Bitcoin mining
The Archive Poster extension was found secretly mining Monero via the Chrome browser - File photo Dado Ruvic/Reuters

The year 2017 has been a watershed one for cryptocurrency as its value, interest and acceptance continued to surge in recent months, both for legitimate and nefarious actors. Looking to tap into the growing market, several websites have been caught hijacking users' computer resources to secretly mine digital currency without their knowledge or permission.

Now, a popular Chrome extension with over 105,000 users has been found running the in-browser cryptocurrency miner Coinhive that covertly hijacks visitors' CPU processing power to mine Monero.

According to Bleeping Computer, Archive Poster — an extension that allows Tumblr users to reblog or report from other websites — was found running Coinhive with a number of users reporting significant spikes in their CPU usage.

Extension users reported observing the change around the beginning of December and have bombarded the Chrome web store with bad reviews.

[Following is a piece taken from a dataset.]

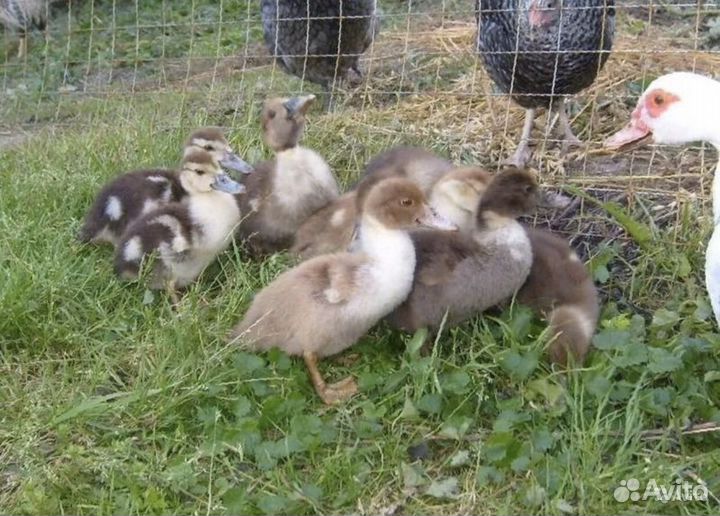 Утята мускусной утки (индоутка)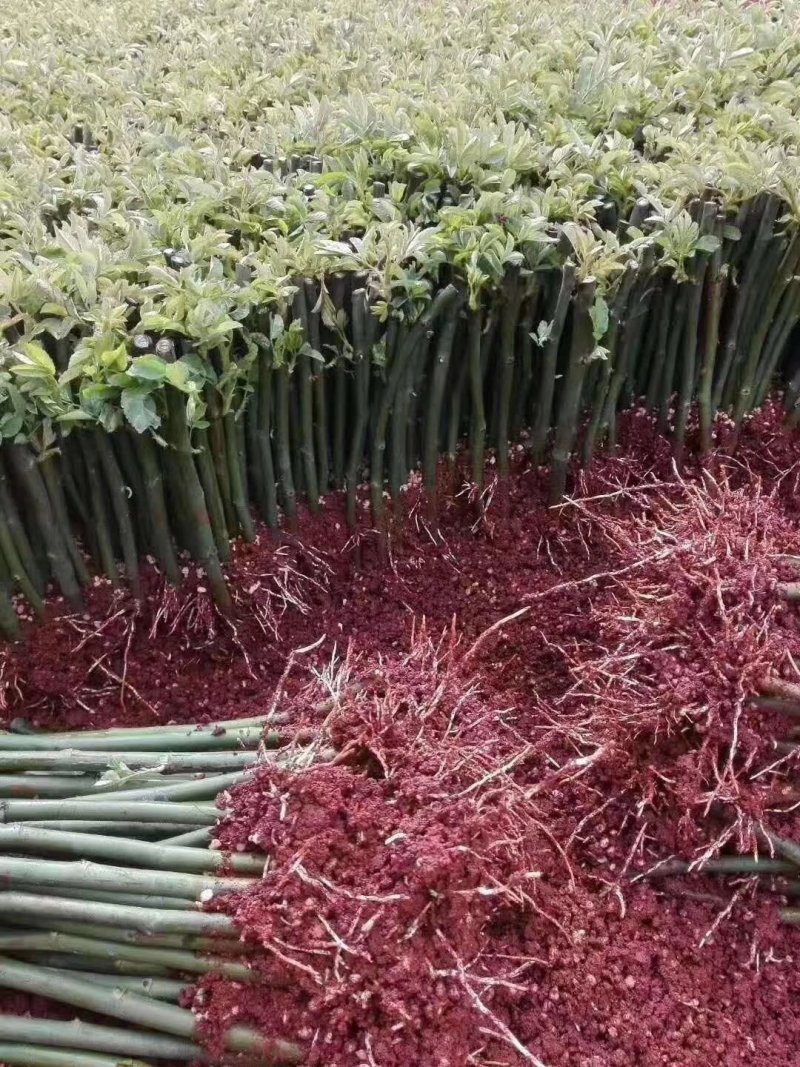 进口无刺蔷薇颜色白色粉色价钱便宜量大从优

"Do not use this extension as it comes loaded with a cryptocurrency mining script. Once installed it makes requests to coinhive which eats up your CPU time and slows your computer down massively. Avoid," one user wrote.

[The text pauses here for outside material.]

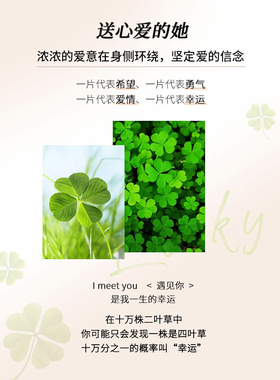 纯银四叶草手炼女士轻奢小众精致手炼2025新的中国情人节礼物给女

Essence Labs, the developer behind Archive Poster, confirmed the existence of the cryptominer but said the Chrome extension was hacked.

"An old team member who was responsible for updating the extension had his Google account compromised," Essence Labs told PCMag. "Somehow the extension was hijacked to another Google account. In the meantime we have alerted the users to use a safe version of the extension on a different link."

The developer has not provided any details on when or how the hack took place or who was responsible for it.

The discovery comes after numerous websites were found with hidden cryptomining programmes and script embedded, either intentionally or the work of hackers. Over the past few months, The Pirate Bay, Showtime, Starbucks, Politifact and UFC's website were found running cryptocurrency miners such as Coinhive without users' express consent.

Security researcher Troy Mursch, who goes by @Bad_packets on Twitter, has been tracking the cryptojacking trend and also reported the cryptojacking malware found in Archive Poster. He recently reported that telecom firm Movistar's official website was found hosting Coinhive as well.

Besides PCs and websites, hackers have also targeted Android apps and Facebook Messenger to generate cryptocurrency as well.

Security researchers say the surge in browser-based mining is linked to the launch of the easy-to-use Coinhive service and warned that a virtual currency "arms race" is brewing between cybercriminals and defenders.

Coinhive was also targeted by hackers in October who hijacked its server, tweaked its settings and briefly redirected generated cryptocurrency to a third-party server. The company has not disclosed how much revenue was lost in the attack.